Lyrebird is aware of these problems, but its suggested fix feels far from adequate. In an “Ethics” section on the company’s website, Lyrebird’s founders (three university students from the University of Montréal) acknowledge that their technology “raises important societal issues,” including bringing into question the veracity of audio recordings used in court. “This could potentially have dangerous consequences such as misleading diplomats, fraud, and more generally any other problem caused by stealing the identity of someone else,” they write.

Their solution is to release the technology publicly and make it “available to anyone.” That way, they say, the damage will be lessened because “everyone will soon be aware that such technology exists.” Speaking to The Verge, Alexandre de Brébisson of Lyrebird adds: “The situation is comparable to Photoshop. People are now aware that photos can be faked. I think in the future, audio recordings are going to become less and less reliable [as evidence].” However, de Brébisson concedes that even though Photoshop is now well known, people still fall for convincing fakes in the right context. The same would surely be true of voice synthesis.
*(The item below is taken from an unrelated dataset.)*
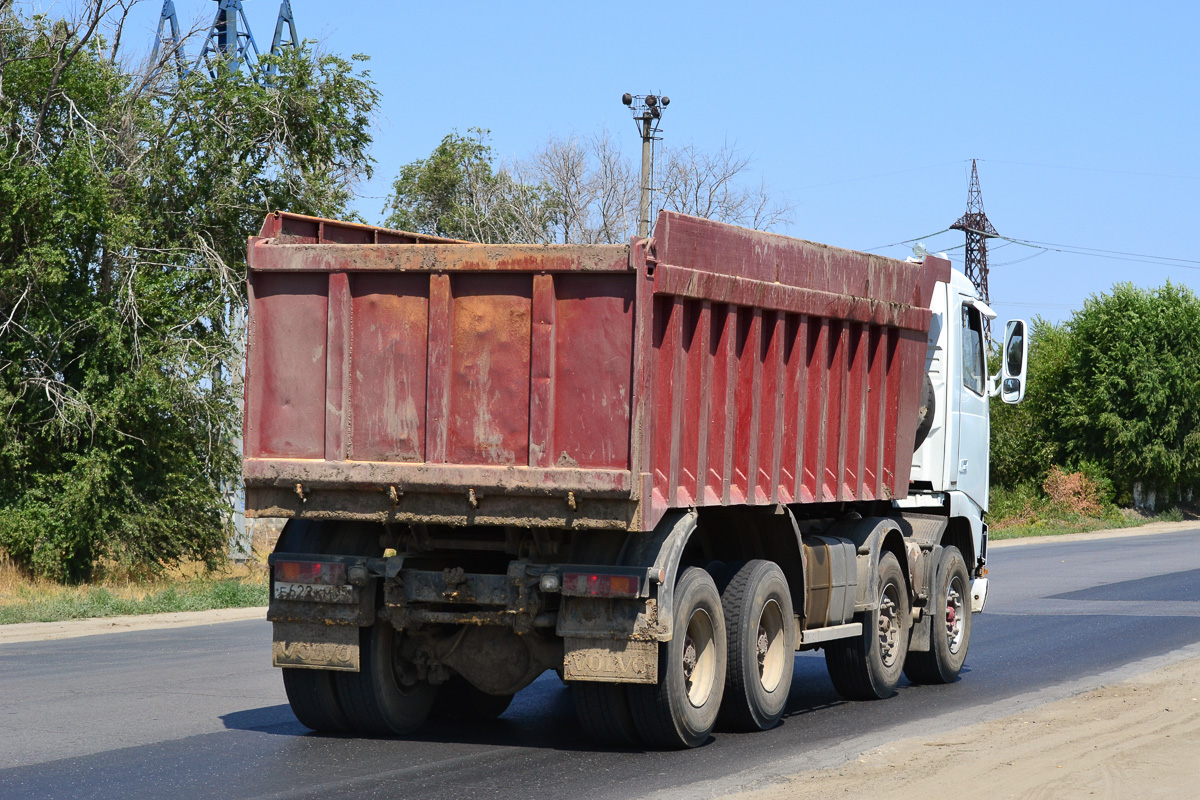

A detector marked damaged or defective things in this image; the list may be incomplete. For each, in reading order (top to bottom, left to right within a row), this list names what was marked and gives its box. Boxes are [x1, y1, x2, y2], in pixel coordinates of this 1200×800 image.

red rusty dump body [244, 209, 952, 532]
For now, Lyrebird tech’s is still in development, and the company doesn’t want to discuss pricing. But de Brébisson says more than 6,000 individuals have signed up for early access to its APIs, and Lyrebird is working to improve its algorithms, including adding support for different languages like French. “This technology is going to happen,” says de Brébisson. “If it’s not us it’s going to be someone else.”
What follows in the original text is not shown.